Just state your desired salary, full stop. If they ask why you are asking for that much, use real arguments: your current experience, average market value, etc. Your current salary should not be an argument.

If they insist on you disclosing your current salary just refuse, and if they don't want to give in, just walk away (I have done this myself). The company is either willing to pay your desired salary or not, and your current salary won't (shouldn't) factor in.

  • 2
    This, very much. There is no reason for anyone to know what your current salary is. If you are qualified for a position that pays between X and Y, then what you currently make has no bearing on that. If they deem you qualified for the job, then they can pay. Your recruiter needs to know what your target amount is. If I make 40,000 and won't work at a particular position for less than 90,000, which is the norm for Circus Elephant Poop Collector, then the fact that I make 40,000 now doesn't magically lower my minimum. Better to stick to letting them just know your target vs. lying about it. Commented Jun 27, 2017 at 18:36

In most cases getting caught in any lie, including what you may consider to be a minor stretch to manipulate to the salary you want, can be considered grounds for summary dismissal. You are in Europe, I am not, so you may dealing with different regulations than I am used to, and exact grounds for termination is a legal issue, not a workplace question. However, if there is any chance that a potential employer can discover your were less than 100% truthful, even if that does not cross a threshold that they can or will terminate you, it still sets the precedence that you are willing to manipulate and lie to them as you see fit. For me, that would mean even if I did not terminate you just for that, it would be a massive black mark and would effect all my future dealings with you long term and most managers would tend to feel the same way.

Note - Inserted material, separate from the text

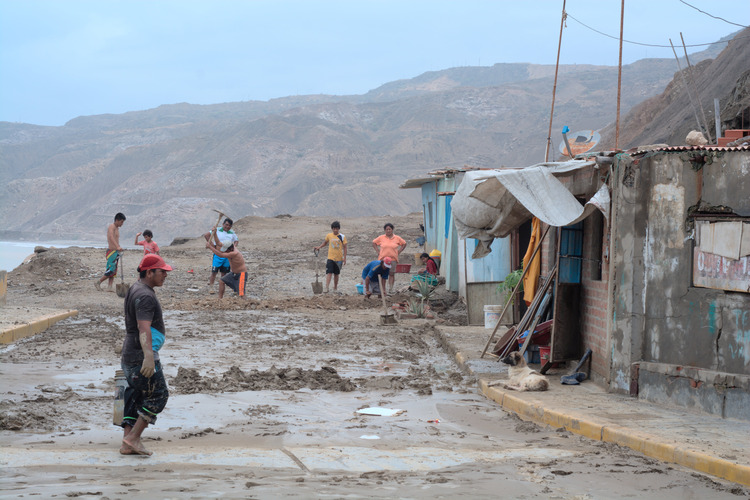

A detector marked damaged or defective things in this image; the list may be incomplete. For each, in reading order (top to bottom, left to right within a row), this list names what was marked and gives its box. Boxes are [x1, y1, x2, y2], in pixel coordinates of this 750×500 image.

When you are asked what are you making now, the correct answer is what you are making, not what you feel you should be making.


I think it would not be good, because you show you are not trustworthy early on at a new job. Sets you off for a bad start.

I would focus such discussion on the market-value of myself and the will of employer to purchase exactly that kind of "human capital" If your work is worth 60.000, then this is what needs to be paid and will be paid ... by someone. Of course, your employer would not be a good businessman if he did not try to purchase your service at a bargain. Don´t try to argue with your situation of live (kids, cost of living) Don´t let them argue with economic stress or you previous wage.

State that this is a simple transaction for you: You have something to offer an you estimate it is worth 60.000 - see if you can get to an agreement with them about this estimate, then you have a deal. If not, this is does not mean you are wrong, it only means they can not monetarize your work to that extent. If you can´t find an agreement on several occasions, then it is a good sign you are overestimating your market worth.